* **About this exercise**
Look through the data below and show every line that includes "Pink".

[Stored entries]
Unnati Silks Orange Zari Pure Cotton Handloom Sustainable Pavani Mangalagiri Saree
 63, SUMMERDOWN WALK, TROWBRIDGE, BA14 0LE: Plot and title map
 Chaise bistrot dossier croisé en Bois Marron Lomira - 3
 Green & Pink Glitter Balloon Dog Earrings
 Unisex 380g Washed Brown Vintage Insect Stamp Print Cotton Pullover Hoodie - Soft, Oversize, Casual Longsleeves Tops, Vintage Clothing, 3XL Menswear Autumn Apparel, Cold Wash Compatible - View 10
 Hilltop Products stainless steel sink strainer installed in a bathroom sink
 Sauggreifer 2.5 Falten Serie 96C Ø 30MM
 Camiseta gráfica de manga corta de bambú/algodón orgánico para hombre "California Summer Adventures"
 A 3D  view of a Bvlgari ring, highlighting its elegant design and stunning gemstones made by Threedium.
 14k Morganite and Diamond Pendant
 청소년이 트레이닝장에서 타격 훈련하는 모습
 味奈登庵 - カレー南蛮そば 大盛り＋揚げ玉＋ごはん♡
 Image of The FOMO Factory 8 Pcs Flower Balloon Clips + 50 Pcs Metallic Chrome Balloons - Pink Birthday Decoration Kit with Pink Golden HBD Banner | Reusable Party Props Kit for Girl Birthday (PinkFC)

* **Answer to the exercise**
 Green & Pink Glitter Balloon Dog Earrings
 Image of The FOMO Factory 8 Pcs Flower Balloon Clips + 50 Pcs Metallic Chrome Balloons - Pink Birthday Decoration Kit with Pink Golden HBD Banner | Reusable Party Props Kit for Girl Birthday (PinkFC)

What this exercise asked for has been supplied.